Professor Rubin has been engaging in research, consulting, and industrial projects involving in the design and analysis of commercial and military computer communications, telecommunications and networked autonomous mobility systems. He has been publishing papers in leading journals on a wide range of key communications networking topics and received best paper awards. He has been instrumental in contributing to projects that include air traffic control, mobile wireless networks, cellular cross-layer operations, mobile ad hoc wireless networks, autonomous highway transportation systems, UAV aided wireless networks, and adaptive video streaming operations over wireless networks.
During 1979-1980, he served as Acting Chief Scientist of the Xerox Telecommunications Network. He has been organizing and chairing a wide range conferences and workshops, and served as co-chairman of the 1981 IEEE International Symposium on Information Theory and as program chairman for the 1987 IEEE INFOCOM conference. He has served as an editor of a multitide of journals, including the IEEE Transactions on Communications, Wireless Networks journal, Optical Networks magazine, IEEE JSAC issue on MAC techniques, Photonic Networks Communications journal, and has contributed chapters to texts and encyclopedia on telecommunications systems and networks. Dr. Rubin is a Life Fellow of IEEE.
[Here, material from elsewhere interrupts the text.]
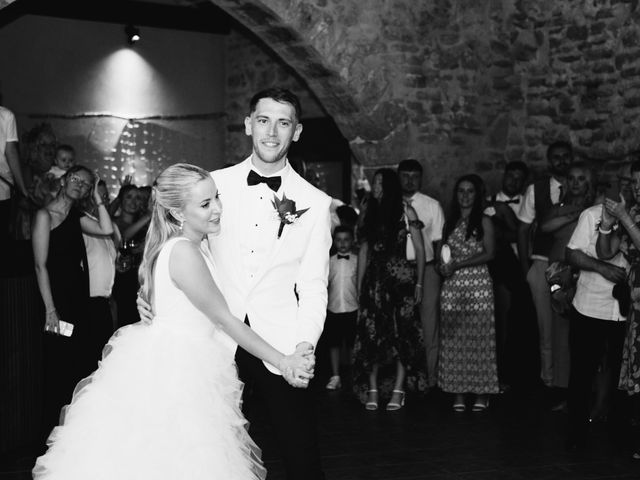La boda de Lewis y Amy en Sant Marti De Tous, Barcelona 104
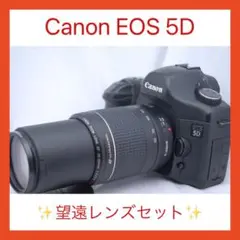 ☆世界標準のハイスペック機種!!☆ Canon EOS 5D フルサイズ機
The Quantum Internet: Recent Advances and Challenges

Donald F. Towsley

Distinguished University Professor
College of Information and Computer Sciences
University of Massachusetts Amherst

Quantum information processing is at the cusp of having significant impacts on technology and society in the form of providing unbreakable security, ultra-high-precision distributed sensing with applications to metrology and science discovery (e.g., LIGO), much higher-rate deep space optical communications than possible with conventional systems, and polynomial speeds up on search with implications to big data. Most of these applications are enabled by high-rate distributed shared entanglement between pairs and groups of users. A critical missing component that prevents crossing this threshold is a distributed infrastructure in the form of a world-wide “Quantum Internet” to enable this. This motivates our study of a quantum network, namely what is the right architecture and how should it be operated, i.e., route multiple quantum information flows, and dynamically allocate resources fairly.
In this talk we review a specific entanglement-based quantum network architecture and present opportunities and challenges related to resource sharing among multiple parties of users. In particular, we focus on issues related to resource allocation based on global/local state information and the benefits of path diversity. Last, we evaluate the performance of an entanglement-based quantum switch.

Don Towsley holds a B.A. in Physics (1971) and a Ph.D. in Computer Science (1975) from University of Texas. He is currently a Distinguished Professor at the University of Massachusetts in the College of Information & Computer Sciences. He has held visiting positions at numerous universities and research labs. His research interests include network science, performance evaluation, and quantum networking.
He was co-founder and Co-Editor-in-Chief of the ACM Transactions on Modeling and Performance Evaluation of Computing Systems (TOMPECS), and has served as Editor-in-Chief of IEEE/ACM Transactions on Networking and on numerous editorial boards. He has served as Program Co-Program Chair of several conferences including INFOCOM 2009.
He is a corresponding member of the Brazilian Academy of Sciences and has received several achievement awards including the 2007 IEEE Koji Kobayashi Award and the 2011 INFOCOM Achievement Award. He has received numerous Test of Time Awards. He also received the 1998 IEEE Communications Society William Bennett Best Paper Award. Last, he has been elected Fellow of both the ACM and IEEE.